En long manteau noir et robe rouge traduisant la dualité entre hiver infernal et printemps terrestre, Sonia Petrovna tente de faire face à une poésie gidienne qui a quelque peu vieilli: son parti pris consiste précisément à assumer, voire à revendiquer le côté daté de cette inspiration homérique; le parti pris se défend, mais sa Perséphone, placée en retrait sur une estrade et, de ce fait, pas toujours très audible, oscille entre niaiserie et exaltation. En revanche, la vaillance et la qualité de la diction de Philippe Do, de même que l’implication, sous la houlette de Laurent Petitgirard, des forces chorales et orchestrales dans cette occasion de découvrir en concert une telle rareté, méritent d’être saluées.
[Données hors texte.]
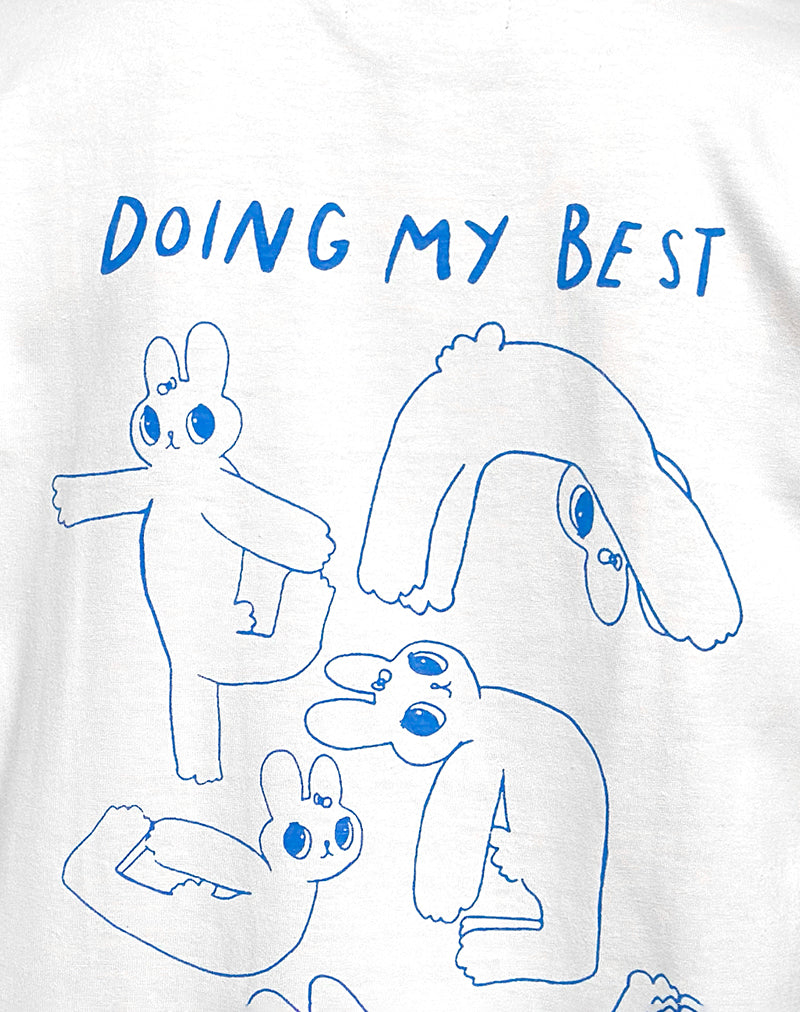 Oversize Basic Tee in White with Doing My Best Graphic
Mais que penser de cette Perséphone – que Stravinski tenait lui-même en médiocre estime, se consolant toutefois de son autocritique en adressant à Gide quelques-unes de ses légendaires rosseries – pour clore une manifestation qui se veut un phare de la création contemporaine, et qui se doit même de l’être? Clin d’œil à (H)adès, l’époux de Perséphone? Rapprochement ultime entre deux compositeurs unis par un métier et une rouerie qui leur confèrent une étonnante capacité d’adaptation d’une œuvre à l’autre et, au-delà, à leur époque? Ou bien allégorie du Festival Présences, qui va abandonner sa forme actuelle – unité de temps et de lieu – pour offrir – en plusieurs temps, de septembre 2007 à mai 2008, et en plusieurs lieux, de Lille à Paris – ces moissons d’or que promet le quatrain final, si éminemment gidien: «Il faut, pour qu’un printemps renaisse/Que le grain consente à mourir/Sous terre, afin qu’il reparaisse/En moisson d’or pour l’avenir»?


(*) Information glanée, comme bon nombre d’autres tout au long d’un festival dédié à un compositeur encore jeune et qui se montre en outre peu enclin à s’exprimer sur son œuvre, dans la monographie d’autant plus précieuse que vient de lui consacrer Hélène Cao chez Musica falsa.